What is needed – Below are some entries. Repeat exactly the lines from the one with "83 Con Piscina Privada Villa" through the one with "1 bedroom in", and only those.

Supplied entries –
_ _ _ _ _
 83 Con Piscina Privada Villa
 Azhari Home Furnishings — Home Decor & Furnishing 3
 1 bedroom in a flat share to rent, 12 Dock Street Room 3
_ _ _ _ _
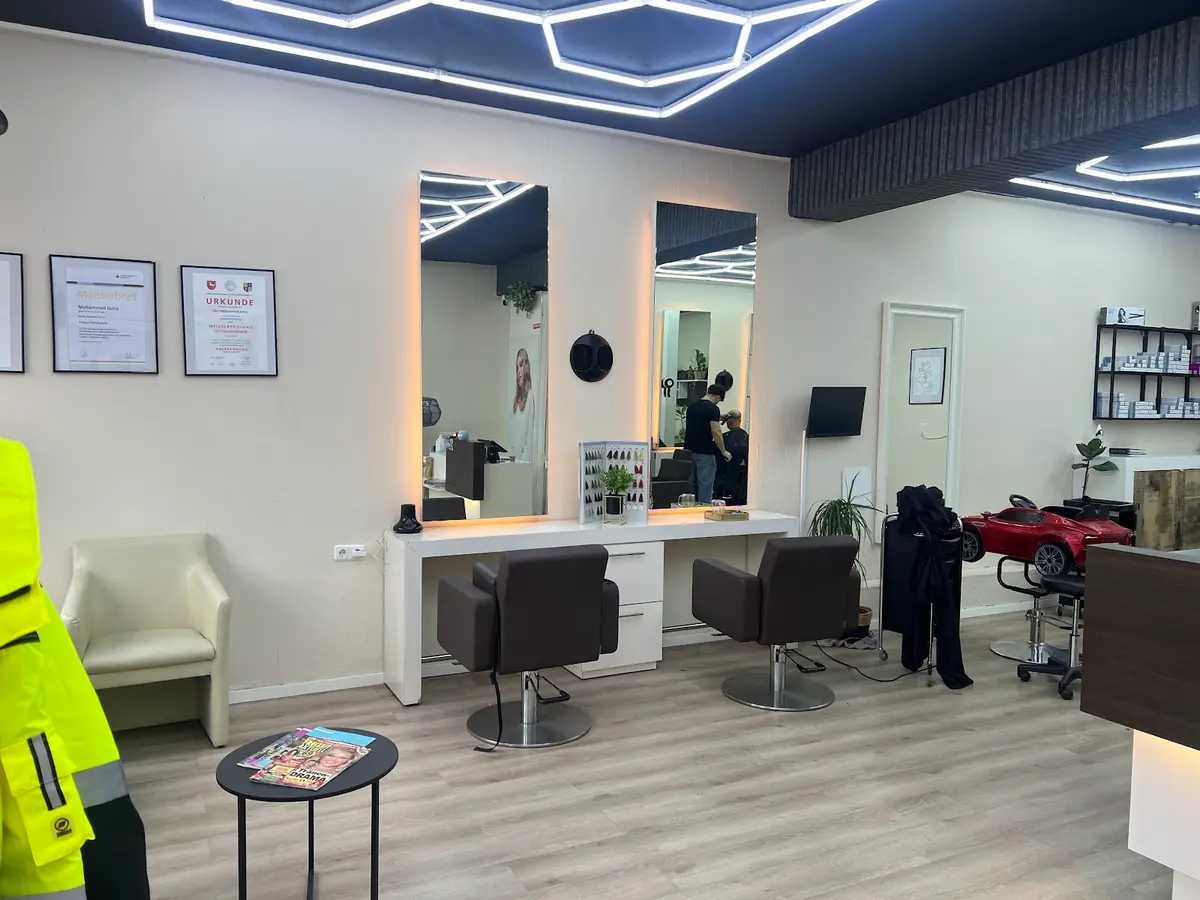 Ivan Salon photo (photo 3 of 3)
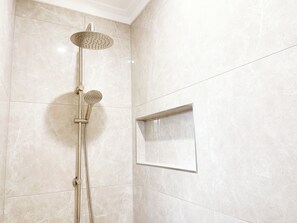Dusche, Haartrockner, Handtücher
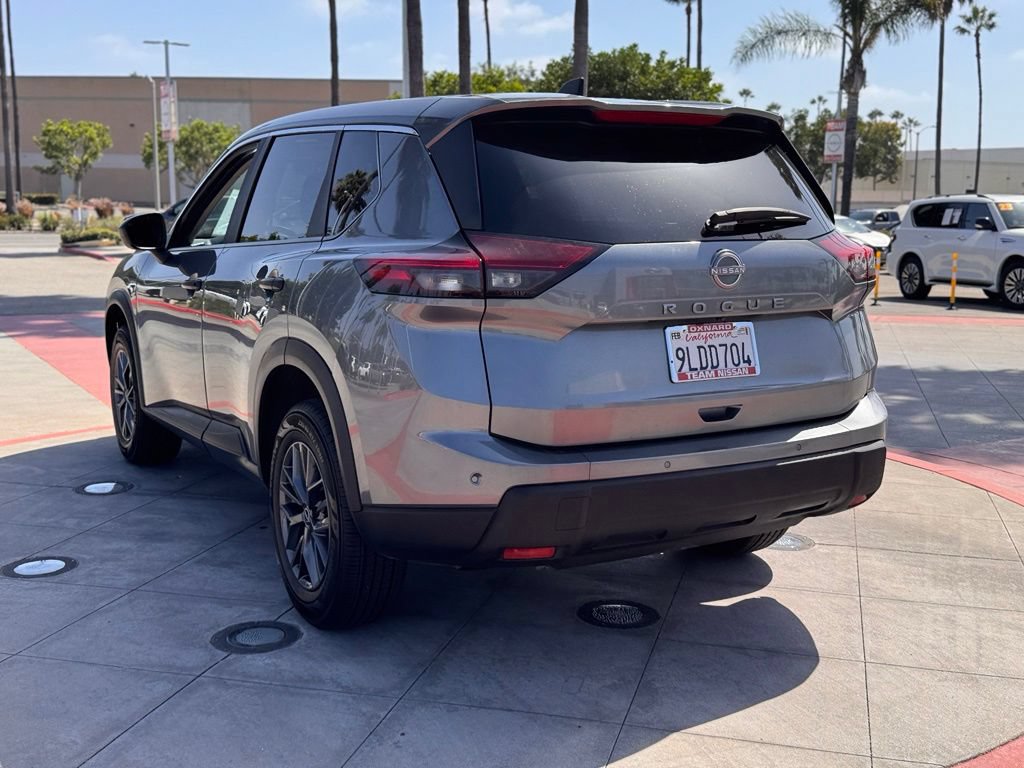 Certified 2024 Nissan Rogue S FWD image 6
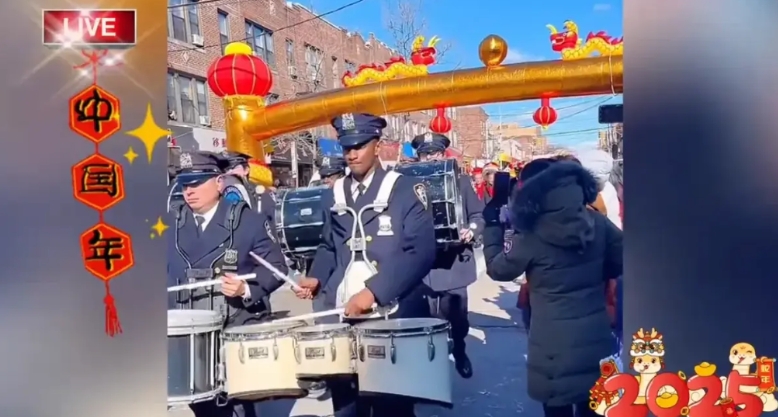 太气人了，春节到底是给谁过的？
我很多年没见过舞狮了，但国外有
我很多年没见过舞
_ _ _ _ _
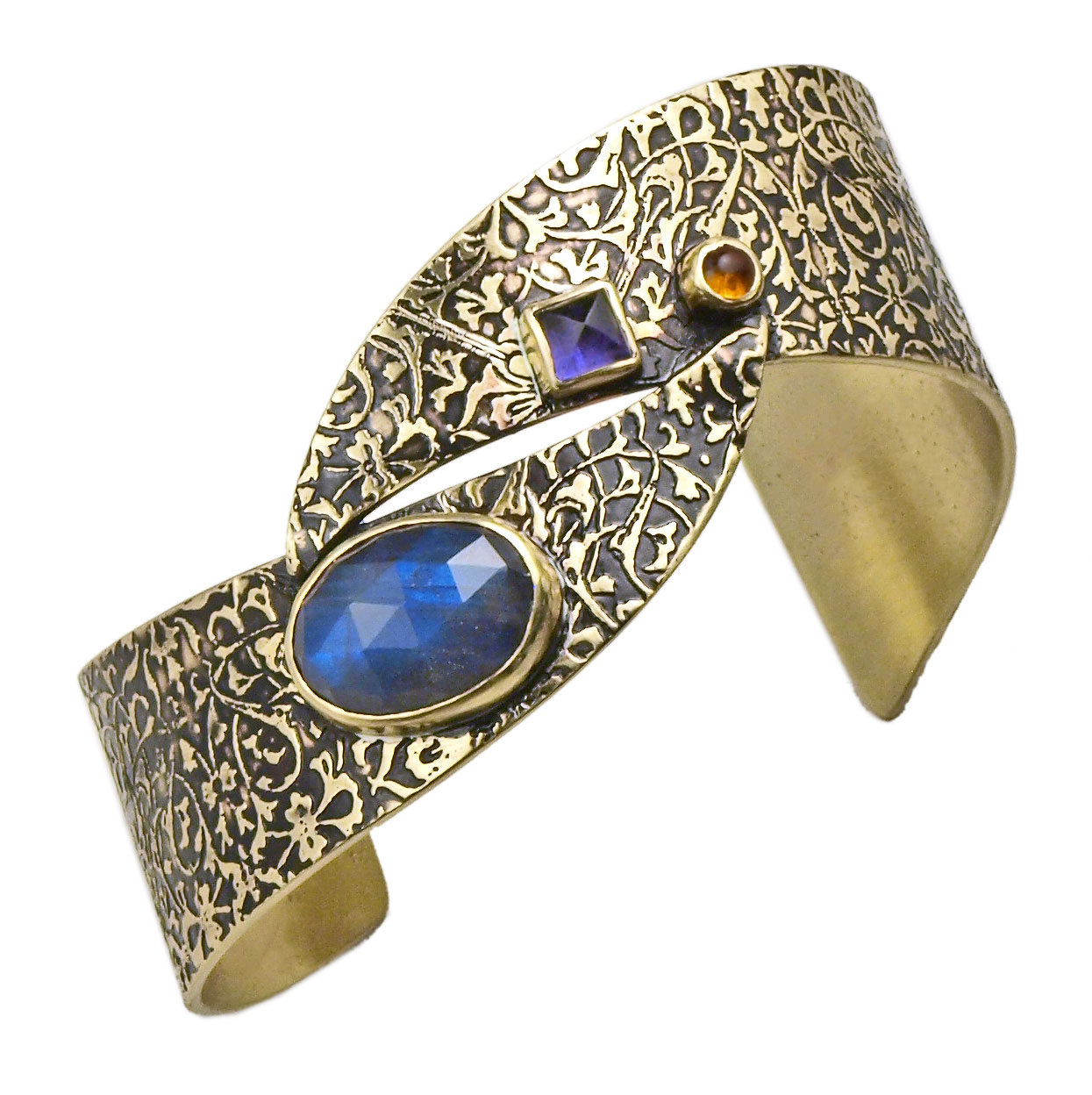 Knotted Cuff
_ _ _ _ _
Written response –
 83 Con Piscina Privada Villa
 Azhari Home Furnishings — Home Decor & Furnishing 3
 1 bedroom in a flat share to rent, 12 Dock Street Room 3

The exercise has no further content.